Fifteen years ago, IPC introduced the terms CIS and CIT. CIS stands for Certified IPC Specialist and CIT for Certified IPC Trainer. The abbreviations have become concepts within the electronics world. We have years of experience with these two certifications. There are 2 levels, namely CIT, the trainer, who is certified by a so-called Master IPC trainer, or MIT. Someone who, according to IPC, is authorized to train specialists. With obtaining his certificate, he gets access to create a class in the database at IPC and to register participants and conduct training courses. He is also provided with all materials that are necessary to perform this training, to train and certify people. That is the competence that CIT offers which is unique. When we talk about CIS, Certified IPC Specialist, we are dealing with someone who has followed the training, the Certified IPC Specialist training, at a CIT, and who has passed it successfully. This can be a theory training, but it can also be a practical training. In any case, it is someone who has learned during how to handle the IPC document, the IPC standards and, if it is practical training, how to put it into practice and how to perform certain actions.

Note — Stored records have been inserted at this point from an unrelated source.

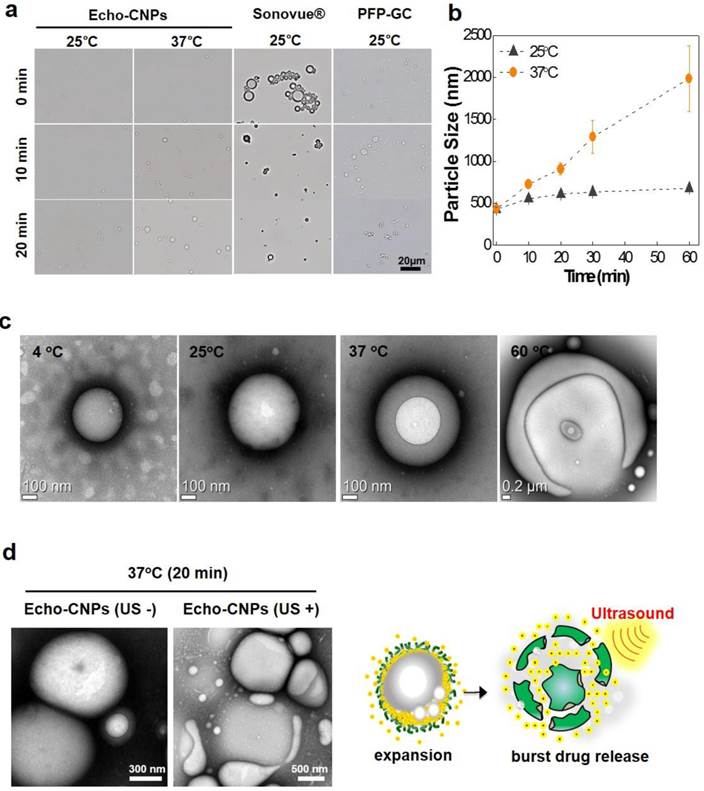 Theranostics Image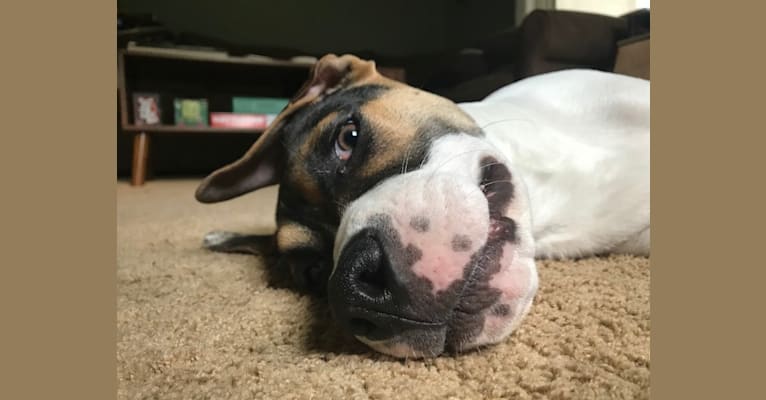 Linus, an American Pit Bull Terrier and Rottweiler mix tested with EmbarkVet.com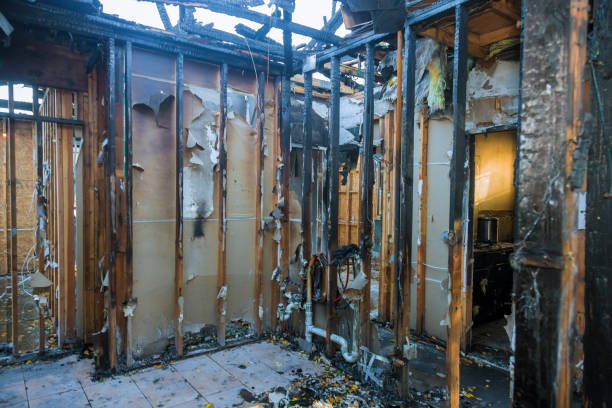 Professional Fire Damage Removal technician working in Collierville, TN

Within the companies you see that both CIT and CIS certified employees are emplyed, there is clearly always someone who uses the standards during his daily work for assessing solder connections, for assessing printed circuit boards or for carrying out practical actions. Although with regard to CIT it was actually the intention of IPC that those people would train specialists in their own company, in practice it was clear that a number of companies did not want to employ a trainer. One employee trained as a trainer, as a point of contact for the group of specialists. To have someone who would be above that and be seen as the head of the specialists and who is the contact person within the company. If there are questions, conflicts within the group, the trainer makes the decision whether this is the correct interpretation and is seen as a point of contact for customers or suppliers because he is certified as a trainer. That gave a bit of added value for customers or suppliers, a bit of recognition, I now talk to someone who knows what he is talking about. This is actually a use of the certificate that it was not intended for. That is why IPC has decided to add a third training and that is the CSE (Certified Standard Expert). This is a training for someone who is a specialist in the interpretation of the standards. So, this is someone who has a thorough knowledge of the IPC standards, and in principle fulfills the same role as the point of contact for the own club, the own group of people, the own group of specialists within that company. But also, externally for the suppliers and for possible customers as a point of contact. So basically, a role that was already played by the CIT but then as a new certification. Because this person is not authorized to train, he will not receive a trainer kit, nor will he receive the materials to carry out such training, and therefore has no possibility to register participants. That is the difference with the CIT. The concept that IPC has drawn up for this is a bit different from the regular CIT and CIS training courses, where the standard is discussed. Here it is assumed that someone already has experience, who actually knows the standards anyway and therefore shows in a number of exams that he has knowledge of these standards. So, someone who is being trained as a CSE must be properly trained by a trainer.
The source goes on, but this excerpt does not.